Friday, May 24, 2013

Three Climate Change Numbers To Think About

As long as I’m posting on climate change, let me note three numbers that recently surfaced in that regard:
  1. 1.       400 (ppm)
  2. 2.       98.4 (%)
  3. 3.       Minus 4.2 (%)

Each of these numbers moves the “center of probability” of how climate change is proceeding significantly – but each is really a confirmation of what we should have known already.

Number 1:  400 ppm

This one is perhaps the most widely known – it’s the time a couple of weeks ago when the Mauna Loa record of carbon in the atmosphere reached 400 ppm for the first time since ML started recording in 1950, and almost certainly for the first time in the last 3 million years – when carbon content in the atmosphere was headed in the opposite direction, i.e., down.

What is notable about this event is that had we been doing even a slightly improved job of dealing with carbon emissions, that event would have occurred in 2014 or even in 2015.  Because we did things like shift economic activity to places like China with lagging mitigation strategies, slight decreases in US and somewhat more substantial decreases in European emissions translated into much larger jumps in the last two years in overall emissions.  And so, what this number really tells us is that with the possible exception of Europe, “business as usual” translates into overall acceleration of carbon emissions and thus of climate change. 

Number 2:  98.4%

For years, the one survey on the subject said that 97% of published climate scientists find that human-caused climate change is real – which any good climate scientist should be able to conclude for themselves, without the need for “safety in numbers.”  That, in turn, raised the question:  what about the remaining 3%? 

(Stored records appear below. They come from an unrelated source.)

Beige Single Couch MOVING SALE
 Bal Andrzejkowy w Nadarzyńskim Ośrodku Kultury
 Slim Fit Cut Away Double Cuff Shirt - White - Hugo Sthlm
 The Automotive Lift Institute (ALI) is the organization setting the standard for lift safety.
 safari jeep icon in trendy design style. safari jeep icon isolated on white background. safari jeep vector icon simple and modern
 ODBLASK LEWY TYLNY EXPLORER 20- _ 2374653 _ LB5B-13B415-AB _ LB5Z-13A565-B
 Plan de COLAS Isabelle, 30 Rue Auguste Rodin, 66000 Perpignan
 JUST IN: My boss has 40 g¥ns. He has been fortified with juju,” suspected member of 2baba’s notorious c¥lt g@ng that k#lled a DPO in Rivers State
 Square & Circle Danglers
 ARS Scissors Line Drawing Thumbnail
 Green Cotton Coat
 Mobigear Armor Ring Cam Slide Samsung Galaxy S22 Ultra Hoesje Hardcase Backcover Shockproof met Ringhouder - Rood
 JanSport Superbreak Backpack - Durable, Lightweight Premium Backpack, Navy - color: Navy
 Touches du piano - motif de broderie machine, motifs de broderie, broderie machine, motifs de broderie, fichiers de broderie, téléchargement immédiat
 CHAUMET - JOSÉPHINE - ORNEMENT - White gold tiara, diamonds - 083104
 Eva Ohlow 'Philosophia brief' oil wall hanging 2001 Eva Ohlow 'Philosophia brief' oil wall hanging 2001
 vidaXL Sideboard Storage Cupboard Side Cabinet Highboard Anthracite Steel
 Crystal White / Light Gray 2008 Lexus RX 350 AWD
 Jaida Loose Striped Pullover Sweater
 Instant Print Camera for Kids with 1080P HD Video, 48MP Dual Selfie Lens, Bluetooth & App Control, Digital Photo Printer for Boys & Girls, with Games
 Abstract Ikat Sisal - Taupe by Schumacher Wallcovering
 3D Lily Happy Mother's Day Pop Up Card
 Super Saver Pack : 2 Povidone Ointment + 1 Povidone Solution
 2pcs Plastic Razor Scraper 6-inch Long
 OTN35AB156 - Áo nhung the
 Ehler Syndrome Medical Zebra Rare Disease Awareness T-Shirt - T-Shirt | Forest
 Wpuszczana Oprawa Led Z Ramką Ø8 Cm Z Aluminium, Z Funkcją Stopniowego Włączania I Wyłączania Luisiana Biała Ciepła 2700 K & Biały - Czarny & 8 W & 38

Well, a follow-up survey is providing the answer to that.  Some of that 3% has been persuaded (which raises the question of why they needed persuading in the first place).  While the most widely quoted figure from the follow-on study says 97.1% now conclude human-caused climate change is what it’s all about, that represents an average over the years; in fact, 98.4% of published climate scientists now see climate change as real, significant, and effectively human-caused.  The 3% are going away.

I suppose this is good news, since some people seem to need convincing that reputable scientists do indeed see matters this way.  But to me, rather, it is simply some of that 3% finally acting like scientists; in which case the next step is for them to join the chorus saying this is serious. And as any shred of support for climate denial continues to shrink, politicians may find themselves more uncomfortable in their belief that issues are balls to play with.

Number 3:  -4.2 %

The sad fact about US emissions measurements is that (probably due to funding) incomplete measurements for a year that increasingly seem to understate them come out immediately, while the best estimates come out 1 ½ years later (in the case of 2011, in mid-2013).  And now we know that 2011, instead of representing a 7% drop from the 2007 booming-economy high, is actually a 4.2% drop.  Much of that, in turn, comes from a real drop in the economy – our actual use of carbon per unit of energy (i.e., a turn away from oil and gas) is only 3.2% down.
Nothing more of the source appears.